Redi-Carpet now challenges the judgment of the trial court. Redi-Carpet argues that: (1) the trial court erred in denying Redi-Carpet's motion for a directed verdict on the issue of whether Melendez was an independent contractor or an employee of Redi-Carpet; (2) the trial court erred in submitting a question to the jury as to whether Melendez was an employee of Redi-Carpet or an independent contractor; and (3) the evidence was factually insufficient to support the jury's finding that Melendez was an employee of Redi-Carpet acting in the course and scope of his employment at the time Hearron was injured.

The Directed Verdict

A directed or instructed verdict is proper when: (1) a specifically indicated defect in the opponent's pleadings makes it insufficient to support a judgment; (2) the evidence conclusively proves a fact that establishes a party's right to judgment as a matter of law; or (3) the evidence offered on a cause of action is insufficient to raise an issue of fact. City of Alamo v. Casas, 960 S.W.2d 240, 248 (Tex. App.--Corpus Christi 1997, pet. denied); Nelson v. American Nat'l Bank of Gonzales, 921 S.W.2d 411, 414 (Tex. App.--Corpus Christi 1996, no writ). We review denials of motions for instructed verdict by a legal sufficiency, or "no evidence," standard of review. Casas, 960 S.W.2d at 248; City of Alamo v. Montes, 904 S.W.2d 727, 732 (Tex. App.--Corpus Christi 1995, writ dism'd, 934 S.W.2d 85 (Tex. 1996).

When reviewing a legal sufficiency challenge, we consider all the evidence in the light most favorable to the prevailing party, indulging every reasonable inference in that party's favor. Associated Indem. Corp. v. CAT Contracting, 964 S.W.2d 276, 286 (Tex. 1998); Norwest Mortgage, Inc. v. Salinas, 999 S.W.2d 846, 853 (Tex. App.--Corpus Christi 1999, pet. denied).
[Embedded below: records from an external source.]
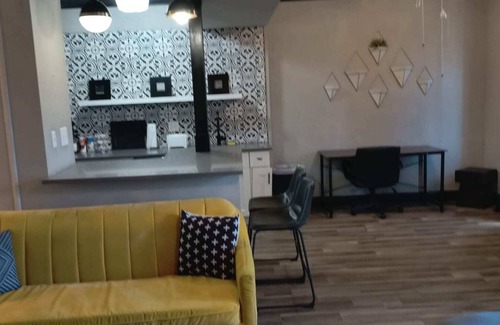 Shaw Apartamento | TheStay Studio W&D Free Parking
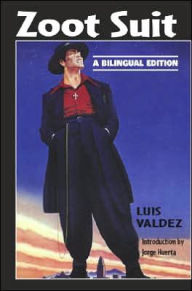 Title: Zoot Suit: Bilingual Edition, Author: Luis Valdez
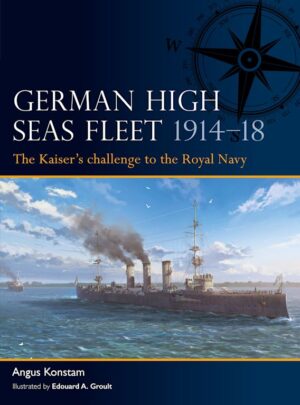 German High Seas Fleet 1914–18 Fleet 2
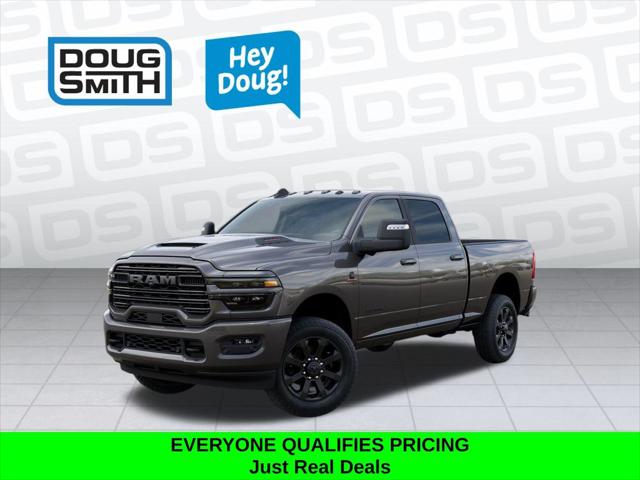 2026 RAM Ram 3500 RAM 3500 LARAMIE CREW CAB 4X4 64 BOX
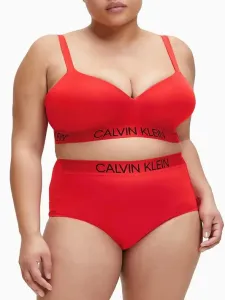 Calvin Klein Underwear	 Vrchní díl plavek Červená #2854881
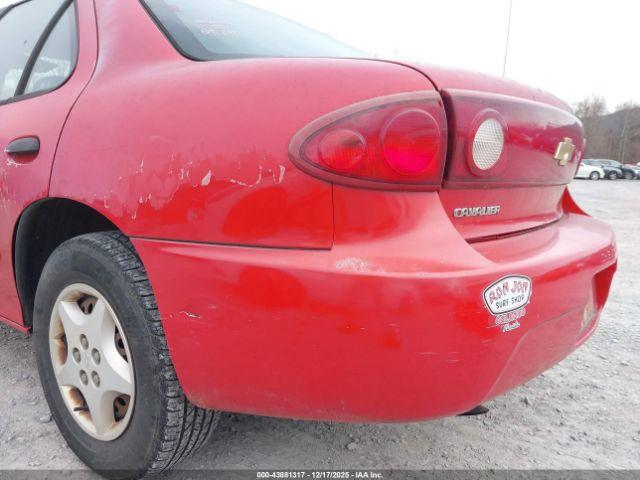 Chevrolet Cavalier Image 14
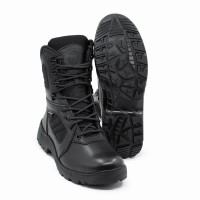 Ботинки тактические Milbot CONQUEST Black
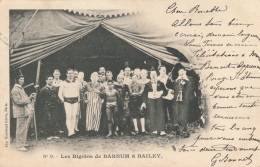 N75 - CIRQUE - Les Rigolos De BARNUM & BAILEY - Zirkus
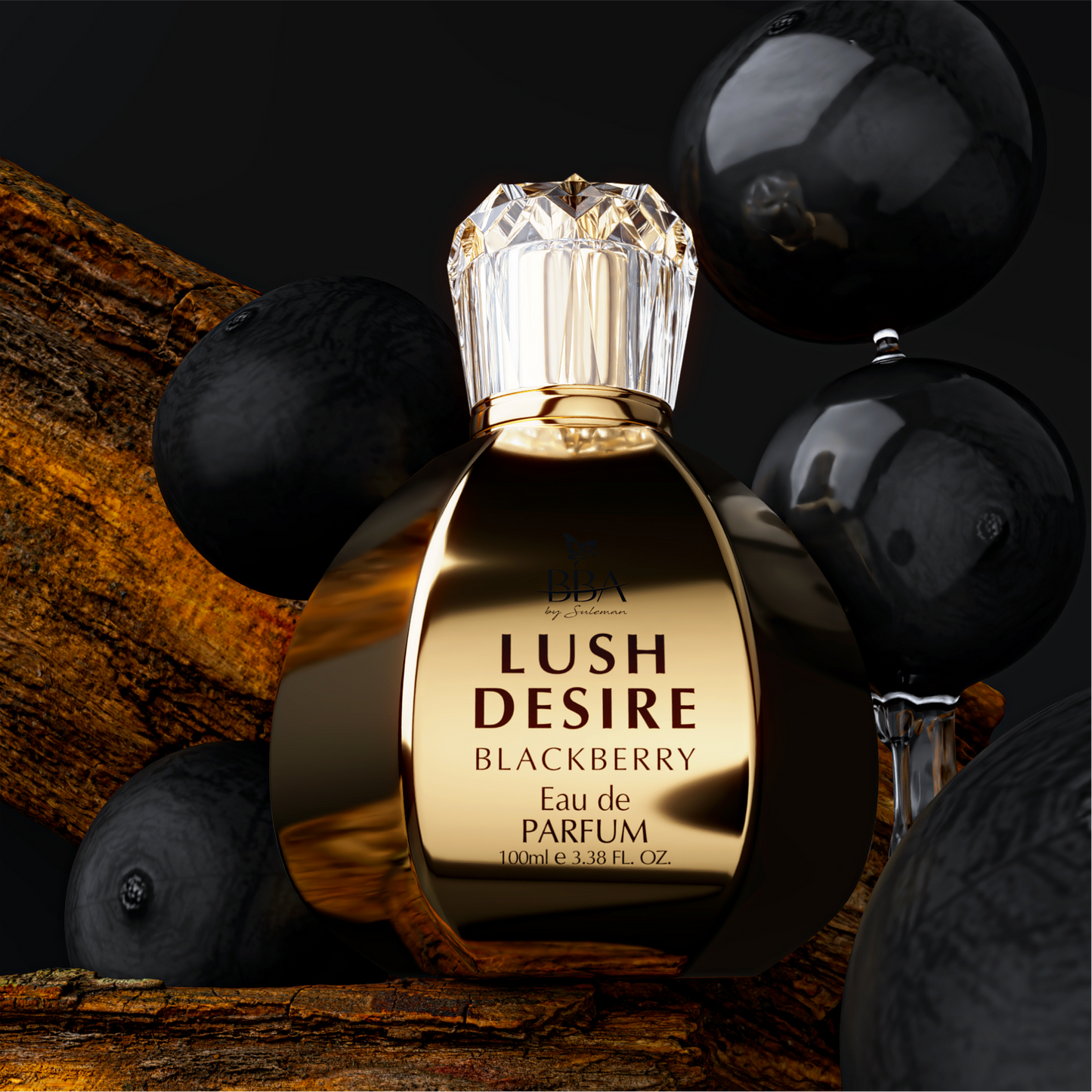 Lush Desire I EDP 35% Concentration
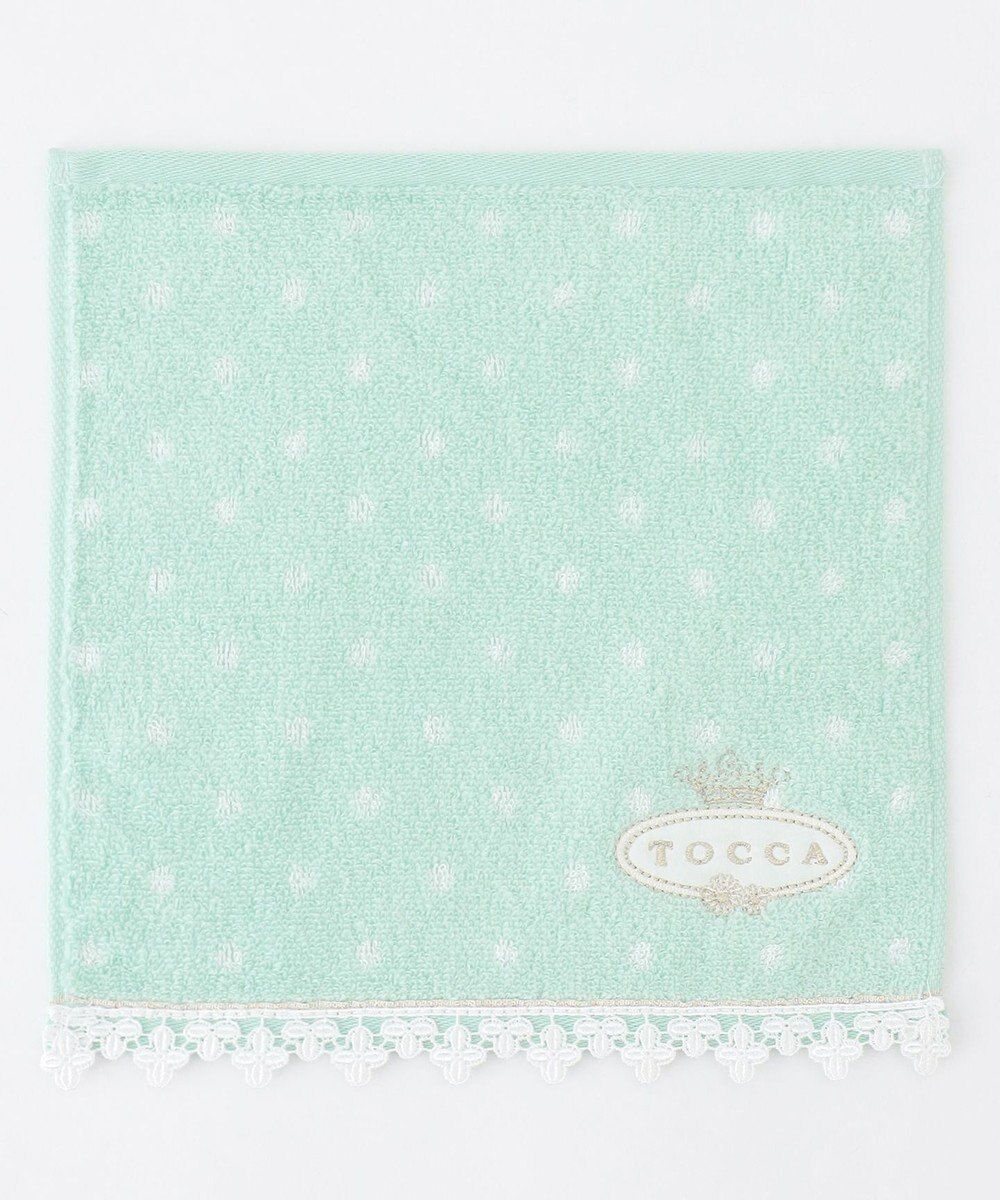 TOCCA PERLE TOWELCHIEF タオルハンカチ 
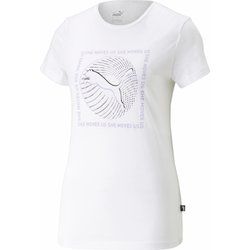 Puma - Bluzka damska elegancka ze sklepu: SPORT-SHOP.pl w kategorii: Bluzki damskie - zdjęcie 6BAF450-D40-9631_162973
A legal sufficiency challenge is sustained when the record discloses: (1) that there is a complete absence of evidence of a vital fact; (2) that the court is barred by rules of law or of evidence from giving weight to the only evidence offered to prove a vital fact; (3) that the evidence offered to prove a vital fact is no more than a scintilla; or (4) that the evidence conclusively establishes the opposite of the vital fact. Merrell Dow Pharms., Inc. v. Havner, 953 S.W.2d 706, 711 (Tex. 1997); Norwest Mortgage, 999 S.W.2d at 853. Redi-Carpet contends that Melendez was an independent contractor and there was no evidence that he was an employee of Redi-Carpet.

Independent Contractor Status

An independent contractor is any person who, "in the pursuit of an independent business, undertakes to do a specific piece of work for other persons, using his own means and methods, without submitting himself to their control in respect to all its details." Pitchfork Land & Cattle Co. v. King, 162 Tex. 331, 346 S.W.2d 598, 602-03 (1961); Bennack Flying Serv., Inc. v. Balboa, 997 S.W.2d 748, 751 (Tex. App.--Corpus Christi 1999, pet. dism'd w.o.j.); Alvarado v. Old Republic Ins. Co., 951 S.W.2d 254, 259 (Tex. App.--Corpus Christi 1997, no writ); Hoechst Celanese Corp. v. Compton, 899 S.W.2d 215, 220 (Tex. App.--Houston [14th Dist.] 1994, writ denied). Although many factors, such as benefits, or training, or paycheck deductions for social security and taxes, may contribute to the determination of whether a person is an employee or an independent contractor, the fundamental factor is the right of control. Bennack, 997 S.W.2d at 751 (citing Alvarado, 951 S.W.2d at 259).

The standard tests for determining whether one is acting in the capacity of an independent contractor measure the amount of control that the employer exerts or has a right to exert over the details of the work. Newspapers, Inc. v. Love, 380 S.W.2d 582, 591 (Tex. 1964); Bennack, 997 S.W.2d at 751; Alvarado, 951 S.W.2d at 259; Compton, 899 S.W.2d at 220.